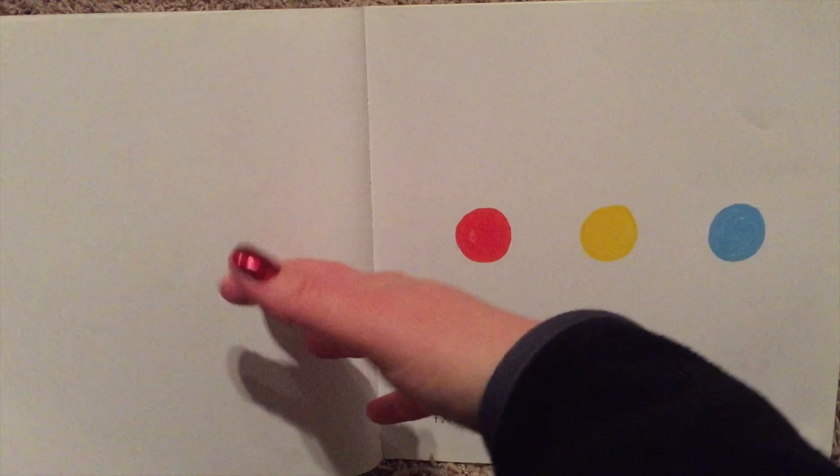Fabulous! Five quick taps on the yellow. One, two, three, four, five.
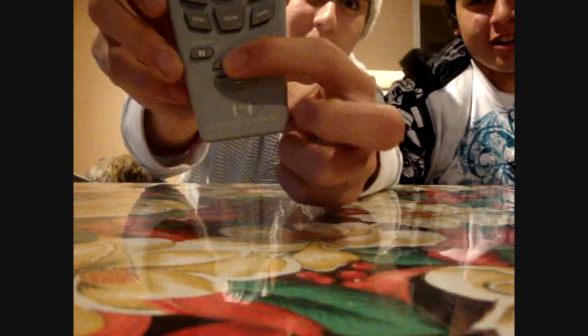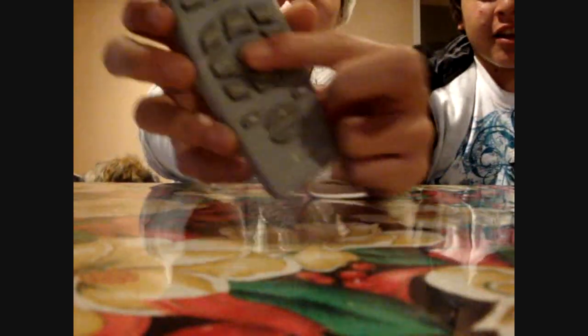Look at it. Breast. Enlarge. Breast. Big, small. Big. Let's see. Remove clothes. Clean. Let's see. That's a good one.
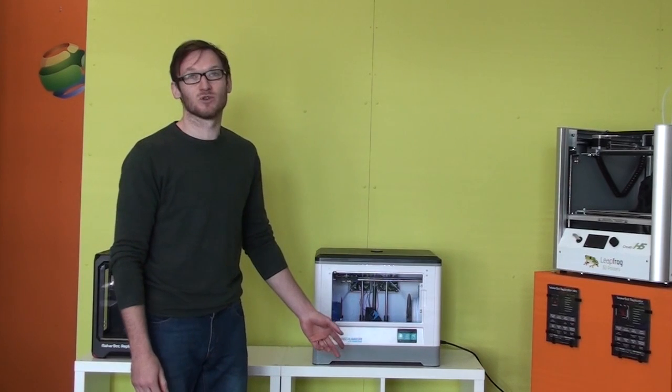Today we're going to be doing our first initial print on the Flashboard Streamer. Let's see how it turns out.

━━━━━━━━━━━━━━━━━━━━

* [INSTRUCTIONS FOR THE TASK] Set down, word for word, the full listing above, and carry over no pictures.

* [RESULT OF THE TASK]
Fabulous! Five quick taps on the yellow. One, two, three, four, five.
Look at it. Breast. Enlarge. Breast. Big, small. Big. Let's see. Remove clothes. Clean. Let's see. That's a good one.
Today we're going to be doing our first initial print on the Flashboard Streamer. Let's see how it turns out.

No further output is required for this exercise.